Cela fait plus d’un demi-siècle que règnent la paix entre l’Allemagne et la France, une amitié franco-allemande unique en son genre, la paix et la liberté en Europe. Tout cela n’est finalement qu’une brève période dans l’histoire de l’humanité. Mais c’est précisément cela qui nous incite à agir. Car l’Europe, c’est bien plus qu’une monnaie. Et la relation franco allemande est incontournable à cet égard. Elle a marqué très fortement l’unification européenne qu’elle a fait progresser, d’autant plus que ce n’est pas une relation exclusive. Elle n’exclut personne ; au contraire, chacun est invité à s’y associer pour travailler ensemble, en tant que partenaires, à bâtir une Europe forte, une Europe qui, s’appuyant sur nos valeurs communes, soit un havre de paix et de prospérité dans le monde du XXIe siècle et occupe avec assurance la place qui lui revient.

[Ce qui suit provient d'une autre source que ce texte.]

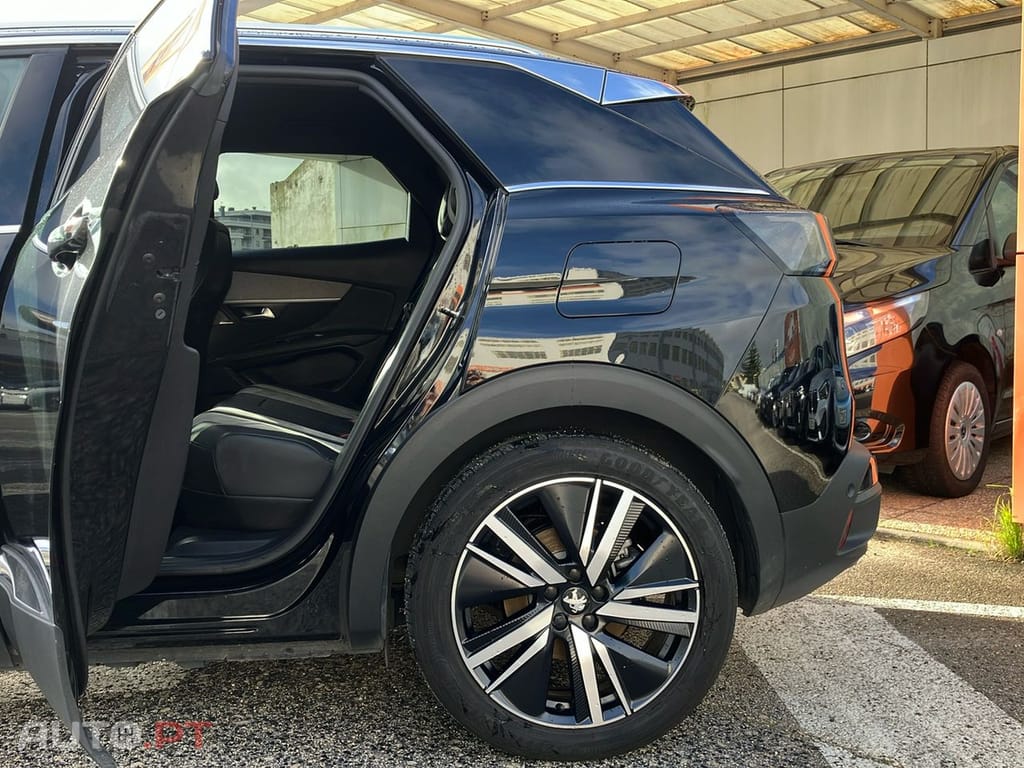 Peugeot 3008 1.6 Hybrid GT Pack e-EAT8
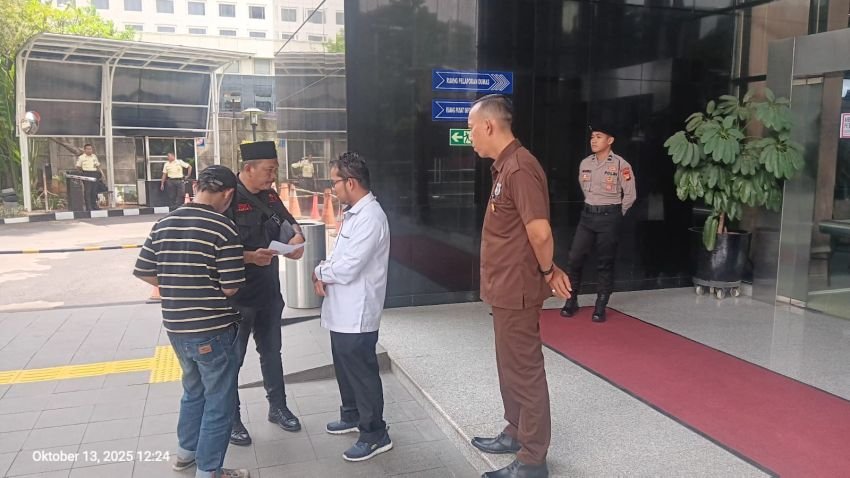 Jaga Marwah Kepung KPK: Desak Hadirkan Bobby Nasution dan Erni Sitorus di Sidang Topan Ginting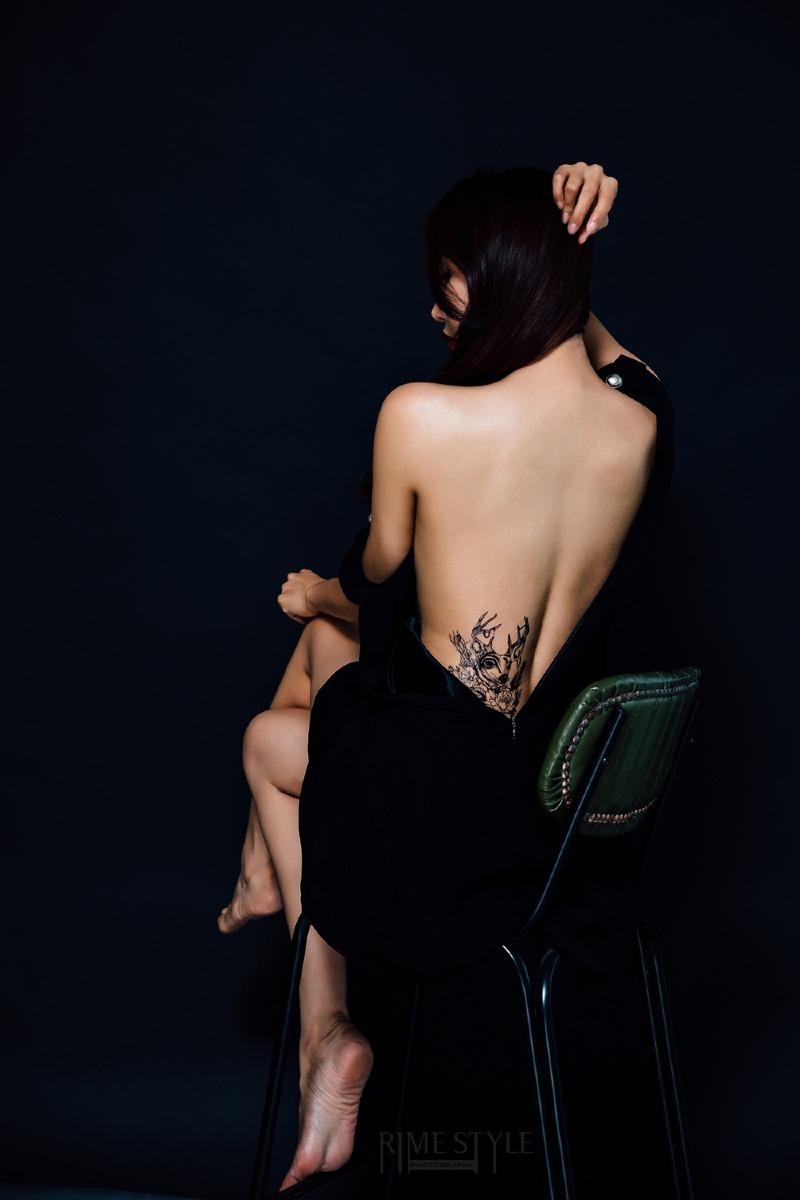 오토살롱 모델 황유리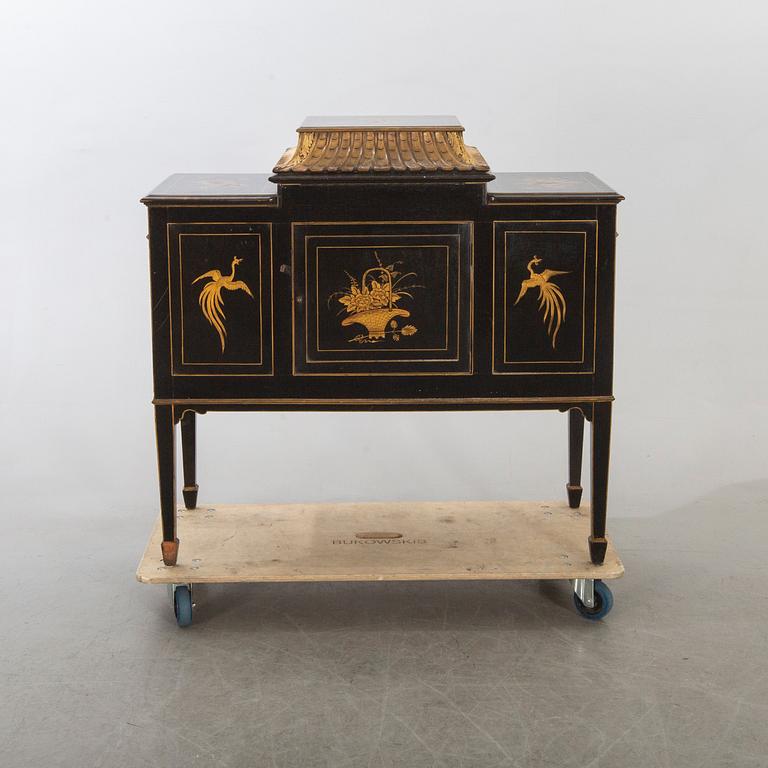 SIDEBOARD/MUSIKMÖBEL, 1900-talets första hälft.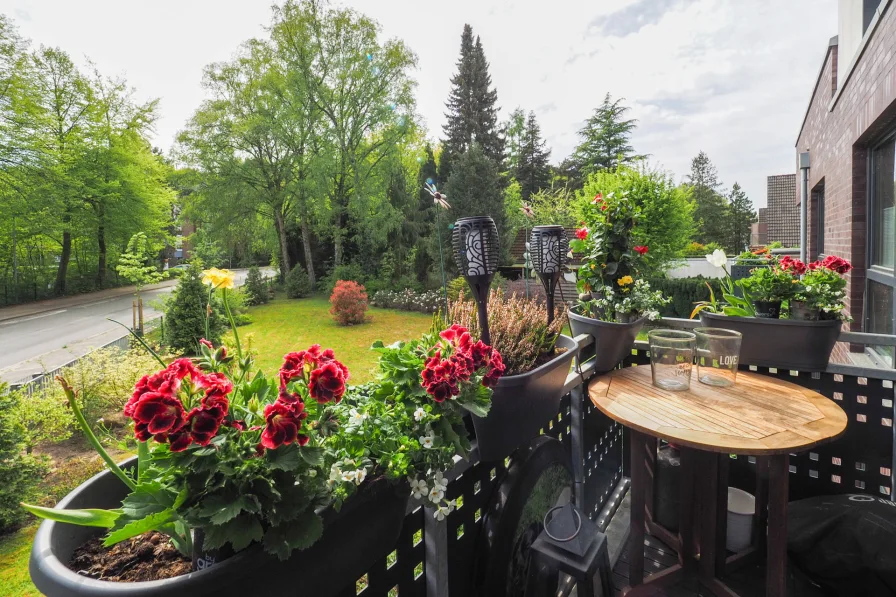 Balkon mit Blick ins Grüne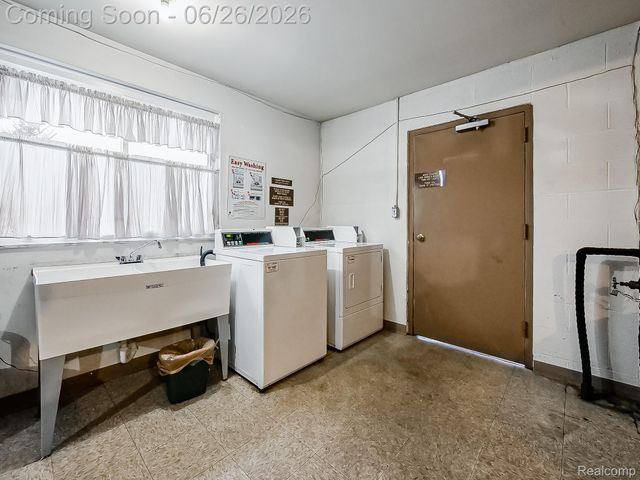 32125 Beaconsfield Street 44, Roseville, MI 48066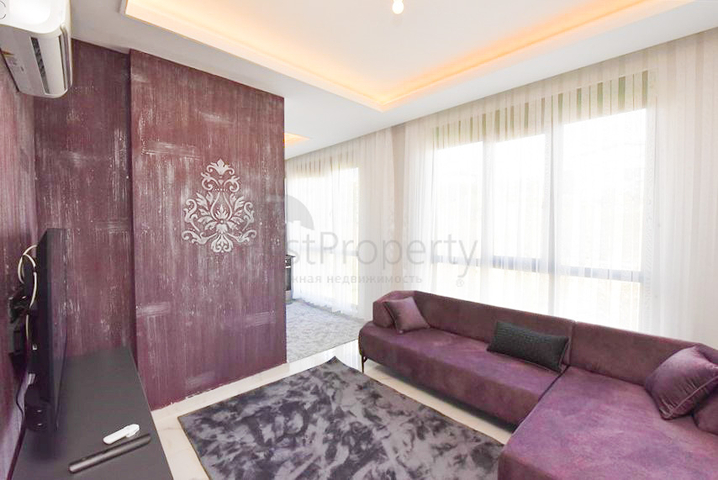 Spacious 4+1 penthouse in Cikcilli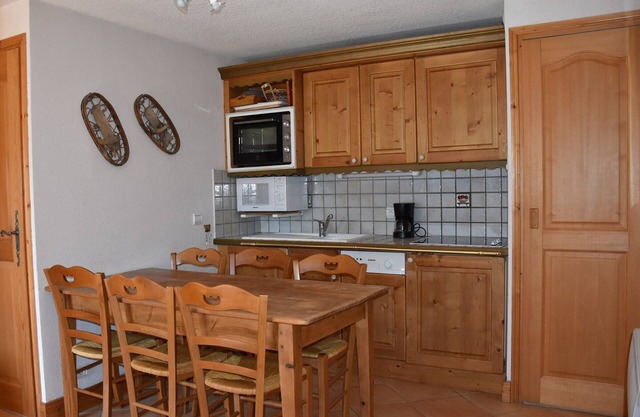 Charming 3-room flat with terrace near slopes and center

Mesdames, Messieurs, jusqu’en 1989, je n’ai moi-même, par la force des choses, pu suivre le chemin de la réconciliation franco-allemande que de loin, de l’autre côté du rideau de fer qui divisait l’Allemagne et l’Europe. Je n’en suis personnellement que plus consciente de la chance qui m’est offerte : ne plus devoir être une observatrice passive, mais pouvoir en personne participer à l’amitié franco-allemande et contribuer à l’unification européenne.

Je vous remercie donc très sincèrement, Monsieur le Président, cher François, de cette invitation. Notre commémoration commune de la messe de réconciliation il y a cinquante ans est un magnifique témoignage de la collaboration et de la confiance de nos pays et de nos peuples.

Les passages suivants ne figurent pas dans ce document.